The battle system has a classic isometric, turn-based strategy RPG foundation, with some twists. Each action a character takes, such as moving, uses up time. This may cause the character to slip down the turn order and wait for another character to go before they can, for example, follow up this movement with an attack. Certain actions contribute to filling up a Tactics Gauge, displayed on the left side of the screen, with a more filled gauge resulting in stronger attacks from the party. Instead of simply saving up the gauge, however, players can also sacrifice part of it to interrupt the displayed turn order. This provides another strategic dimension to the game, and allows players much more flexibility in battle. Battlefield layout also plays a part, since any character pushed off the battlefield is taken out for the remainder of the battle. In addition to this, other characters can assist with attacks through the Beat and Boost systems, providing the characters are in the correct locations on the battle map.
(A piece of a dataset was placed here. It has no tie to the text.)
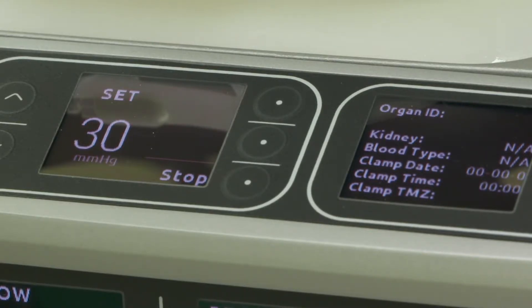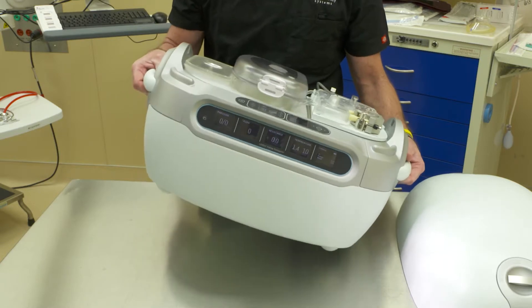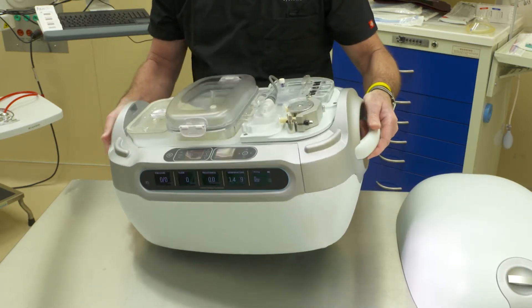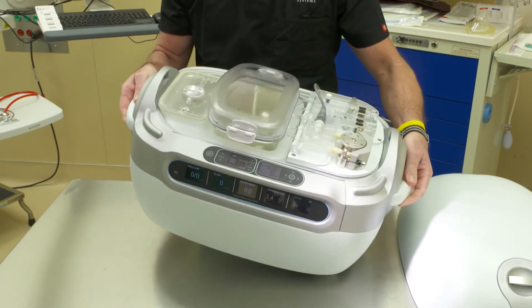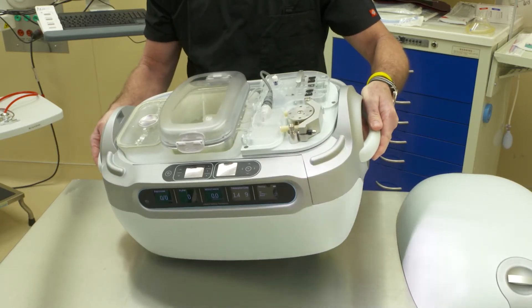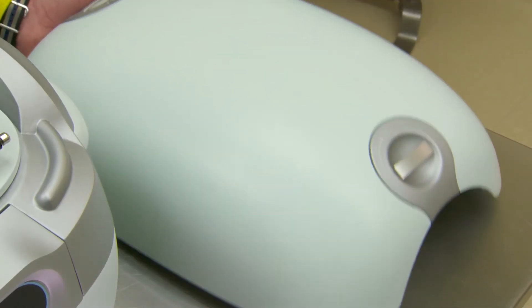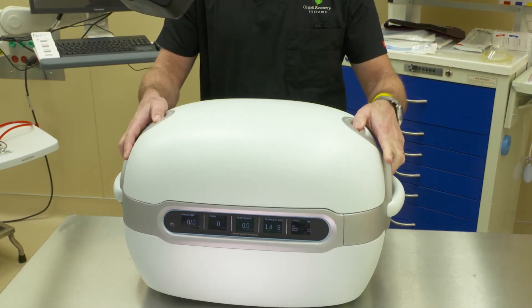Once the bubble trap is filled with solution and solution starts to come from the wash port back into the reservoir, using a slow 45-degree rotation, rotate the Lifeport unit to expel any ancillary air that may be in the Micron filter. Upon completion, replace the outer insulated cover on the Lifeport unit to help with ice longevity.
Common features from other strategy RPGs are found in Gungnir, such as attacks being more effective if they are made from behind or beside the enemy. The game is designed to favor strategy over brute force, with the developers stating that even low-level characters should be able to contribute effectively in battle. Players are able to recruit a number of generic units in addition to the storyline characters, including a selection of monster classes. The production staff have stated that their goal in the gameplay was to provide a fairly standard experience at first, but to then add in various complexities that would help keep gamers interested. Judging from the various features and gameplay videos available, Gungnir certainly looks to be well on its way to achieving this goal.
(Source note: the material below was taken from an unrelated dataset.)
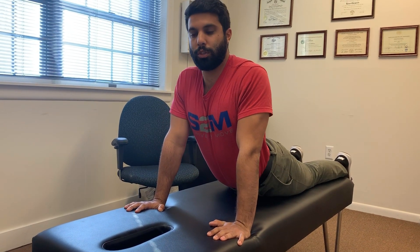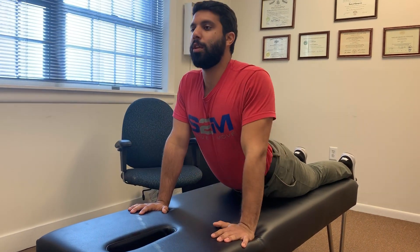Don't squeeze your glutes as you come up. You go down, and then you come up, just like this.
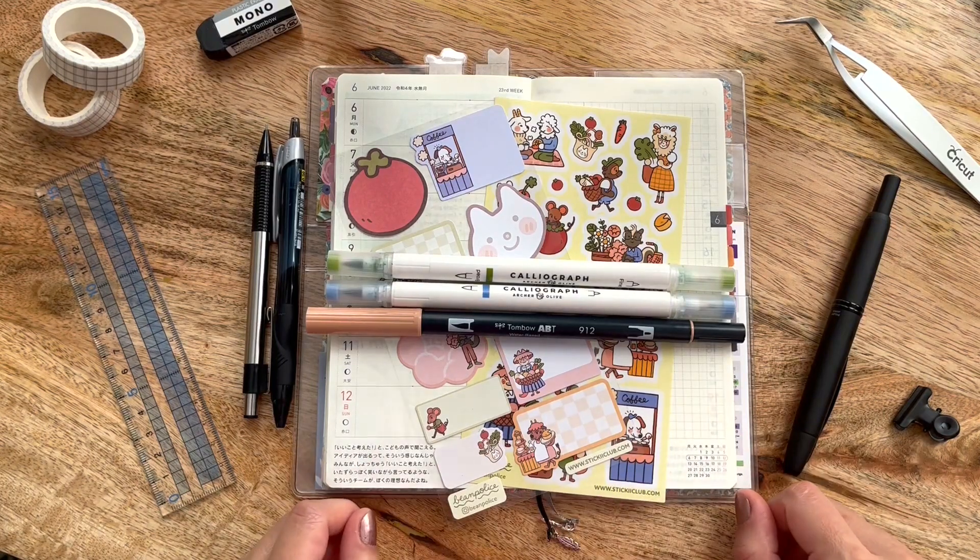Hello friends, my name is Katie from Eternal Flame, and today I thought I'd share with you a quick plan with me for my 23rd week of my Hobonichi Weeks for 2022.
Story scenes and battles make up the bulk of the game, with a break between each stage allowing players to upgrade and alter the party's equipment. The plot is generally linear, and the lack of side missions places the focus on story battles and strategy. It has been noted by Sting that certain side aspects have been deliberately left out to try and encourage other play styles. There still are multiple endings determined by the player's decisions on how Julio behaves at certain points throughout the game. The story is filled with rather dark tones and themes, and this is reflected by a colour scheme that is grittier than the other games in the Dept. Heaven series.
Despite the relative grittiness of the colour scheme, Gungnir's visuals do still stand out, in part thanks to a rather striking UI. The 2D sprites work well together with the 3D backgrounds as well, so there doesn't seem to any pressing graphical concerns. It is worth noting that the opening video, in which the characters have more deformed proportions, harkens back to the earlier stages of Gungnir's development from before it became clear that a grittier visual theme fit better with the overall plot. Series composer Shigeki Hayashi takes charge of the score once more, and his compositions give off a very rousing feeling that should compliment the story and visual themes very well and more than make up for the game's lack of voice acting.
Atlus is clearly intending to show that PSP games still have a place in the market, and Gungnir looks set to go a long way towards backing up that statement. Between Gungnir and Growlanser: Wayfarer of Time, whose North American release follows shortly afterwards, it is pleasing to see that handheld tactical RPGs remain well catered for, and there's still plenty to look forward to for those not ready to jump to the next generation of handheld just yet. Gungnir is due to be released for PSP in North America on June 12, 2012. It will be available as both a UMD and PlayStation Network download.